■ **THE DATA**
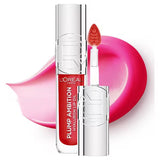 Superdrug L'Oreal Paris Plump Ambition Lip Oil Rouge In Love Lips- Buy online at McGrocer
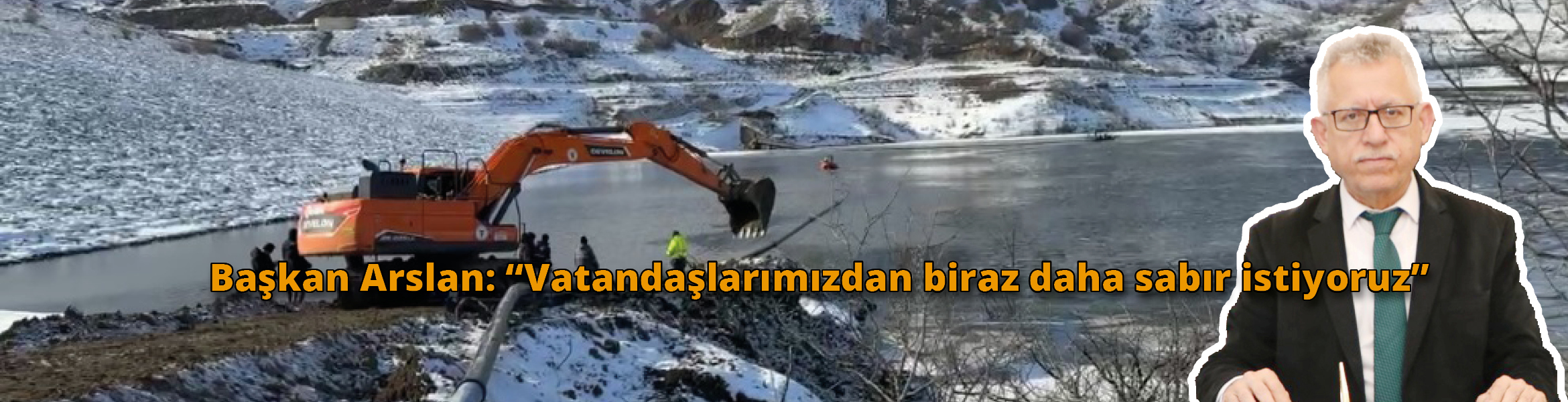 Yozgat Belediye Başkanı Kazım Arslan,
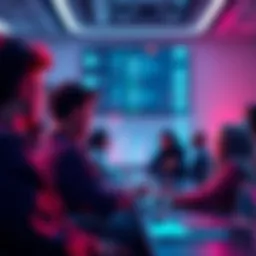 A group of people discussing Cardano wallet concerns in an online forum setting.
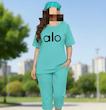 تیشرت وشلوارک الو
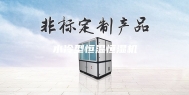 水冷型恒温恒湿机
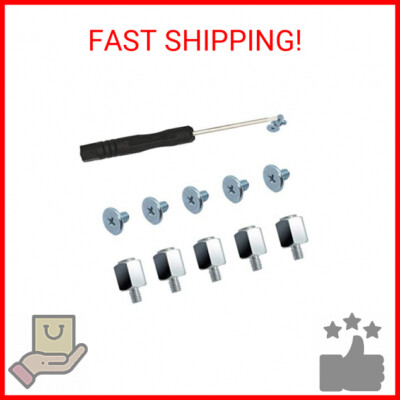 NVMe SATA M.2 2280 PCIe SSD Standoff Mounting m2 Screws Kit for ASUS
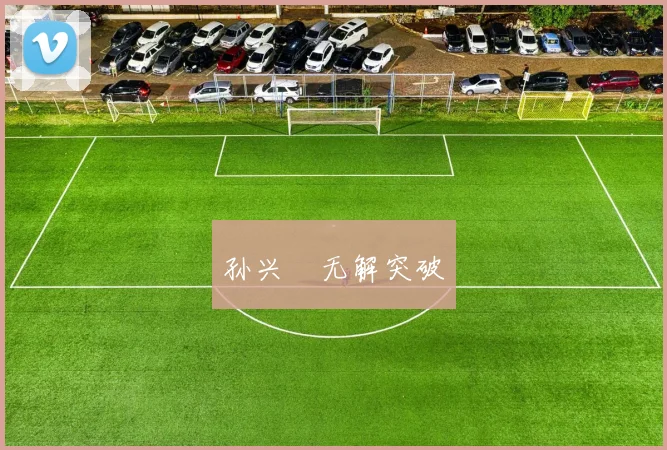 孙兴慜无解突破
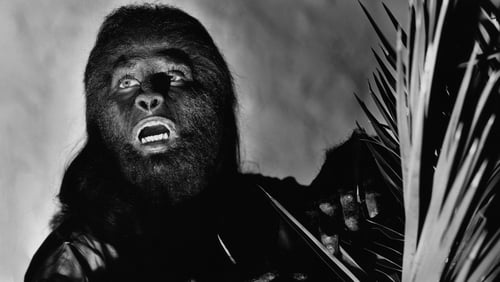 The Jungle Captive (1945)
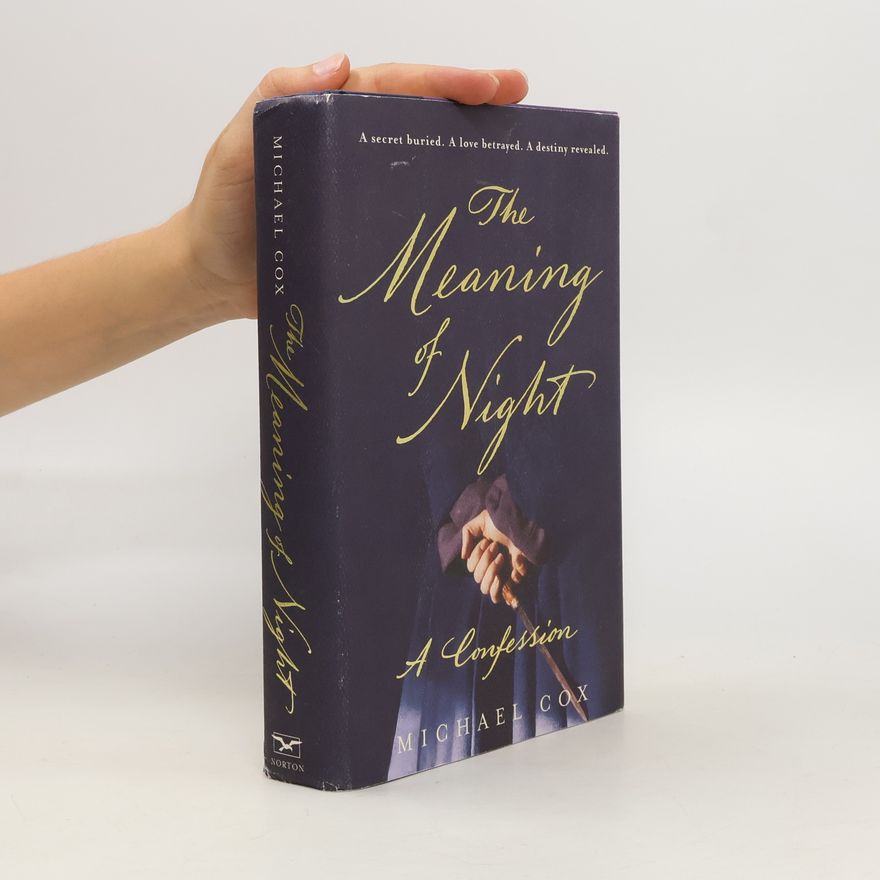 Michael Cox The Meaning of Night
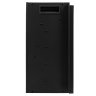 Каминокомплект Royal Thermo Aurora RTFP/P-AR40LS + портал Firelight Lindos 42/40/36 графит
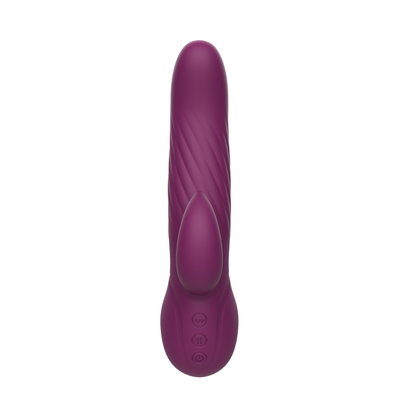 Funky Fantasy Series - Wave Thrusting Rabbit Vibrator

■ **EXERCISE INSTRUCTIONS**
Quote the preceding listing precisely and completely, omitting its images.

■ **ANSWER BOX**
 Superdrug L'Oreal Paris Plump Ambition Lip Oil Rouge In Love Lips- Buy online at McGrocer
 Yozgat Belediye Başkanı Kazım Arslan,
 A group of people discussing Cardano wallet concerns in an online forum setting.
 تیشرت وشلوارک الو
 水冷型恒温恒湿机
 NVMe SATA M.2 2280 PCIe SSD Standoff Mounting m2 Screws Kit for ASUS
 孙兴慜无解突破
 The Jungle Captive (1945)
 Michael Cox The Meaning of Night
 Каминокомплект Royal Thermo Aurora RTFP/P-AR40LS + портал Firelight Lindos 42/40/36 графит
 Funky Fantasy Series - Wave Thrusting Rabbit Vibrator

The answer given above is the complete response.